Description of the task:
An exact repeat is needed of the lines from the one with "Vintage Tiffany &" through the last line of the data below. Please omit the pictures.

Data provided:
== Segment start ==

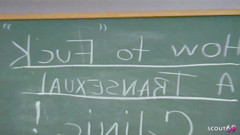 Teacher Fucks Skinny Ladyboy in Classroom in Extremely Tight Asshole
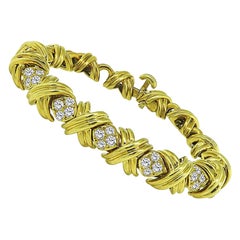 Vintage Tiffany & Co 1.50ct Diamond Gold Bracelet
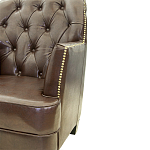 Кресло кожаное c мягкими подлокотниками на 4-х деревянных ножках из массива березы Joseph Armchair brown варинант исполнения - 3 | Loft Concept в Рязани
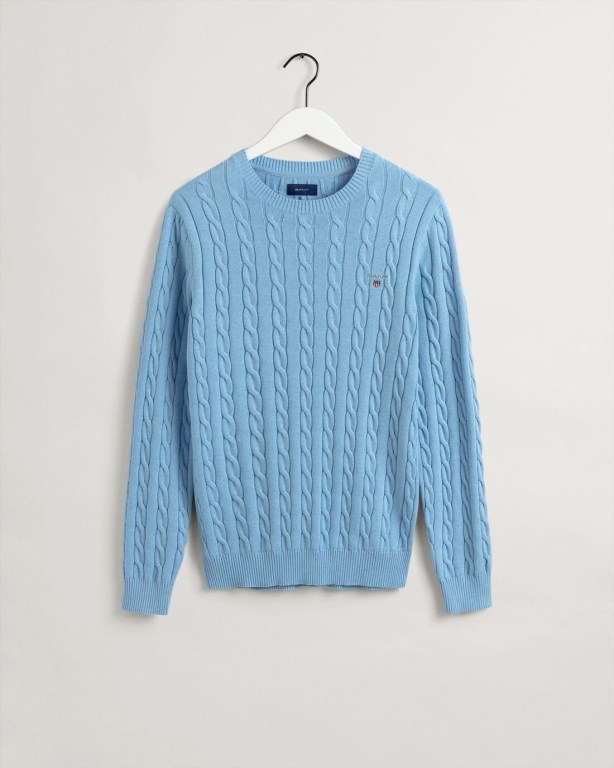 Gant Cotton Cable Crew Neck Men's Cable Knit Jumpers Blue | XkY3OBKhbLT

== Segment end ==

Result of the exercise:
 Vintage Tiffany & Co 1.50ct Diamond Gold Bracelet
 Кресло кожаное c мягкими подлокотниками на 4-х деревянных ножках из массива березы Joseph Armchair brown варинант исполнения - 3 | Loft Concept в Рязани
 Gant Cotton Cable Crew Neck Men's Cable Knit Jumpers Blue | XkY3OBKhbLT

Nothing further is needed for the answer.